(Image-text web data)
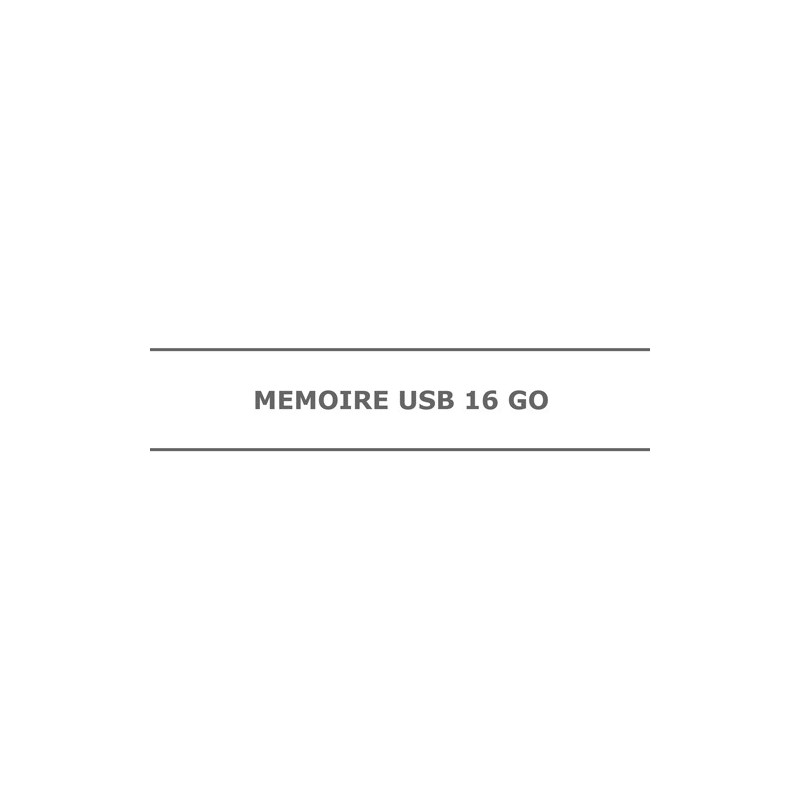 MÉMOIRE USB 16 GO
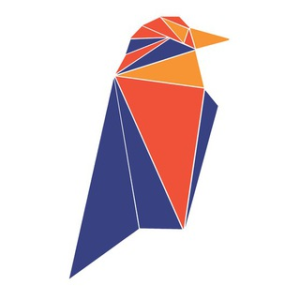 Ravencoin Rvn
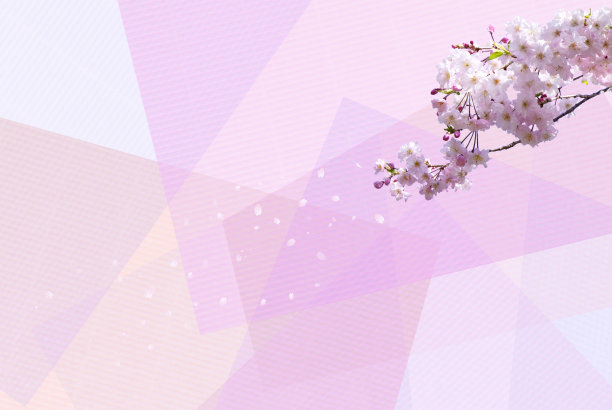 樱花和花瓣(柔和的背景)图片下载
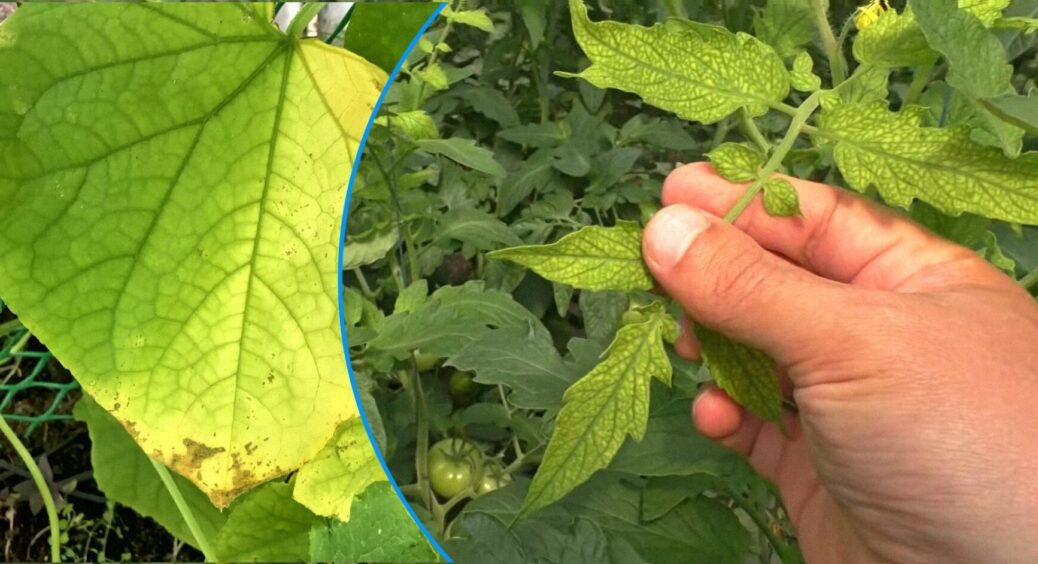 Якщо листя огірків і томатів жовтіє – дістаємо зі свого арсеналу це: 1 дія і кущі як новенькі 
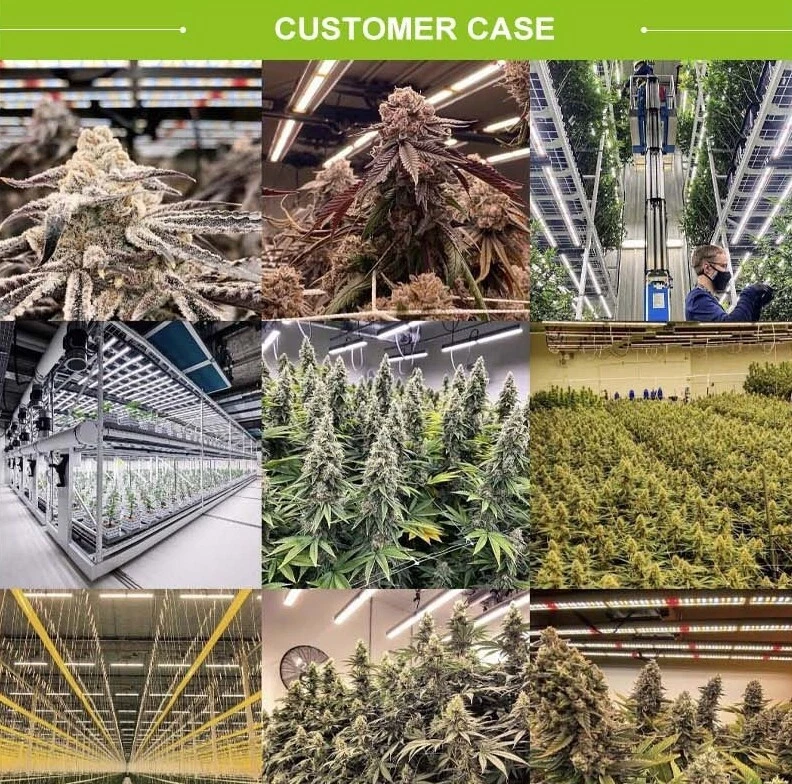 Commercial 4000W Spider LED Grow Light 4X4FT Full Spectrum for Plants Veg Flower - Image 2 of 4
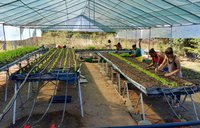 Why I left a job I loved for the Peace Corps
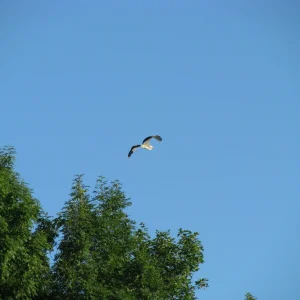 IMG_2082.JPG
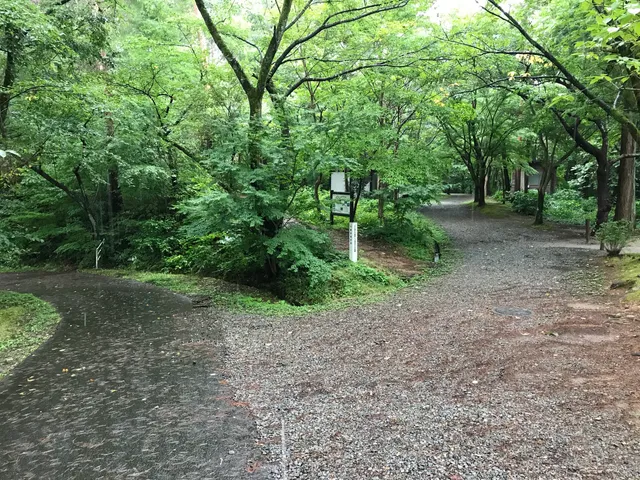 Yahikoshiroyama Forest Park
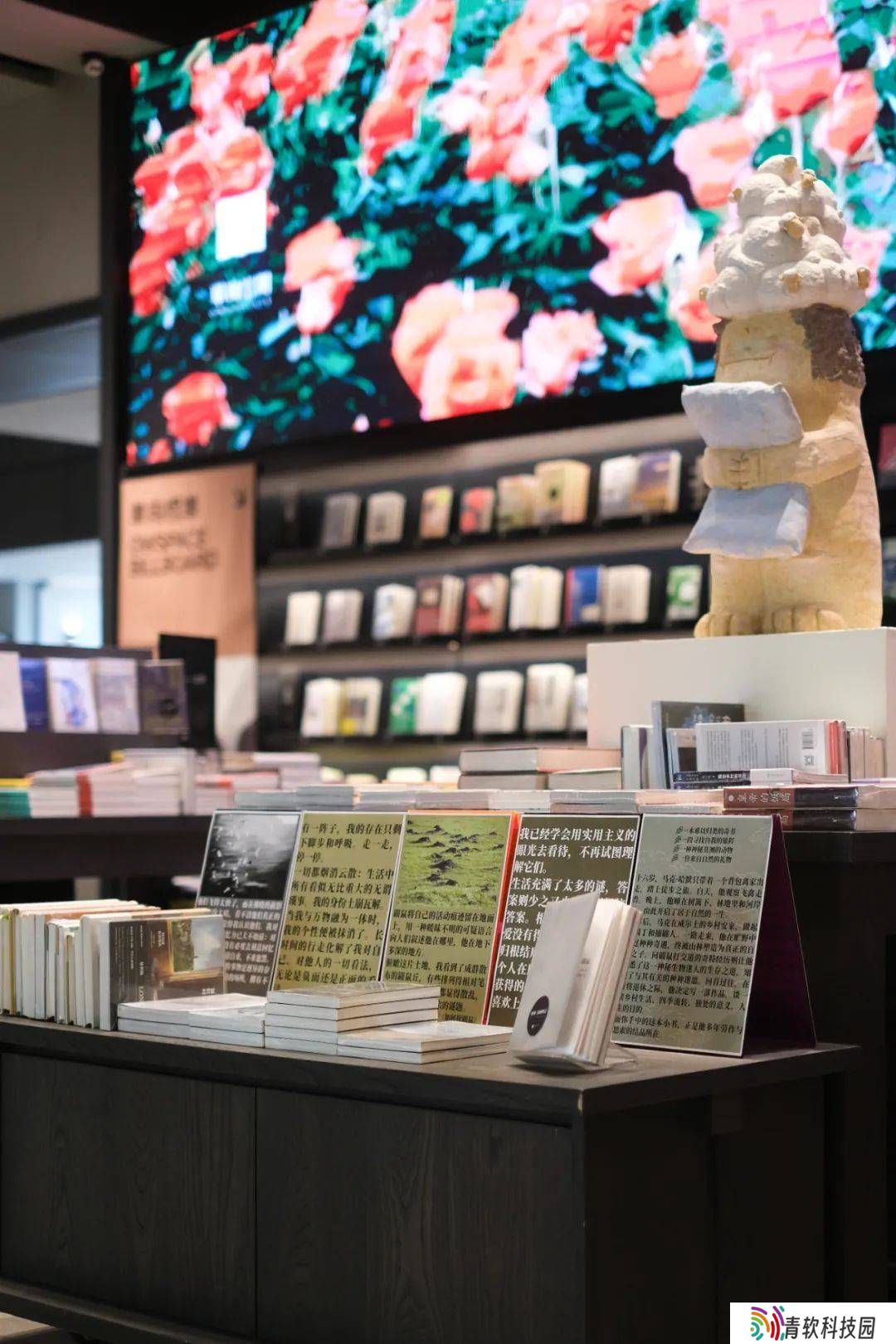 书店里的自然奇遇：与鼹鼠共读《如何捉鼹鼠》及其他自然经典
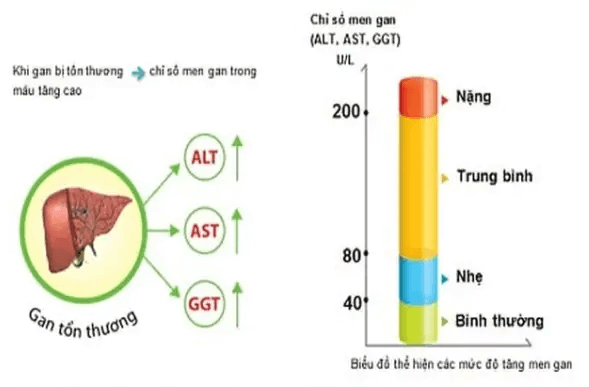 GPT là gì và những điều cần biết về chỉ số GPT?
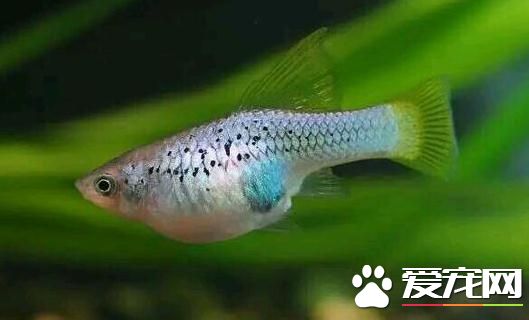月光魚生小魚 月光魚生小魚需專用一個繁殖缸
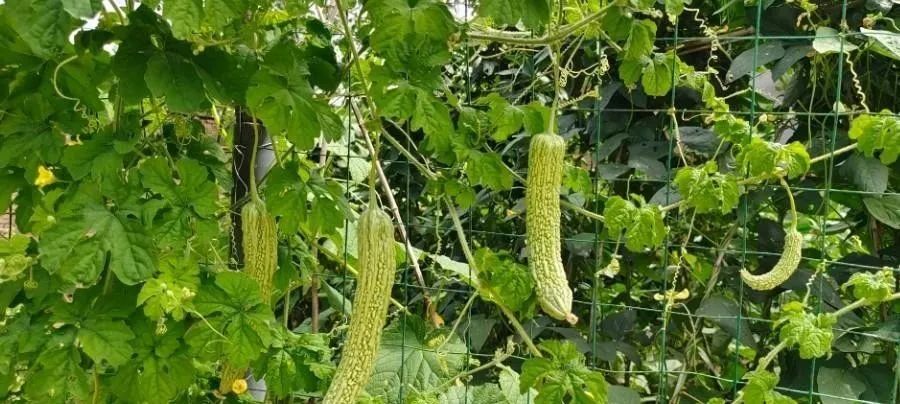 苦瓜栽培苦瓜种植技术_苦瓜栽培种植技术与管理_苦瓜栽培种植技术要点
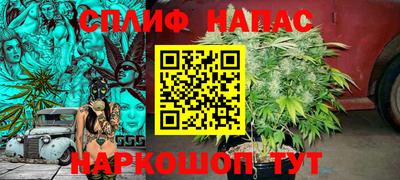 бошки Краснодар
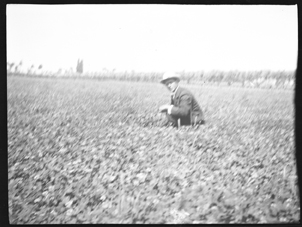 Man standing in a field (Frank M. Benton papers), circa 1880s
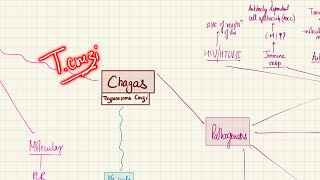 Chagas Disease Trypanosoma Cruzi  Bloodstream Infections  2nd Year MBBS  Microbiology [upl. by Jarlath]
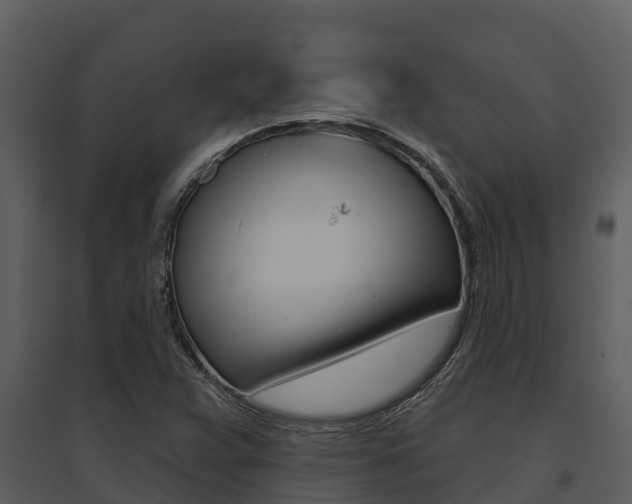 X0000095681359200801081053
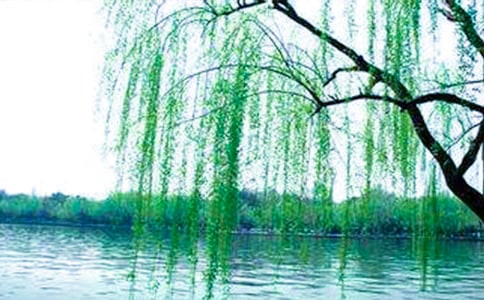 ��ʶ�����̰�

What the task requires: Your reply must hold only the lines from the line containing "苦瓜栽培苦瓜种植技术_苦瓜栽培种植技术与管理_苦瓜栽培种植技术要点" through the end of the records above, written out exactly, both ends included, with no pictures, please.

Result below:
 苦瓜栽培苦瓜种植技术_苦瓜栽培种植技术与管理_苦瓜栽培种植技术要点
 бошки Краснодар
 Man standing in a field (Frank M. Benton papers), circa 1880s
 Chagas Disease Trypanosoma Cruzi  Bloodstream Infections  2nd Year MBBS  Microbiology [upl. by Jarlath]
 X0000095681359200801081053
 ��ʶ�����̰�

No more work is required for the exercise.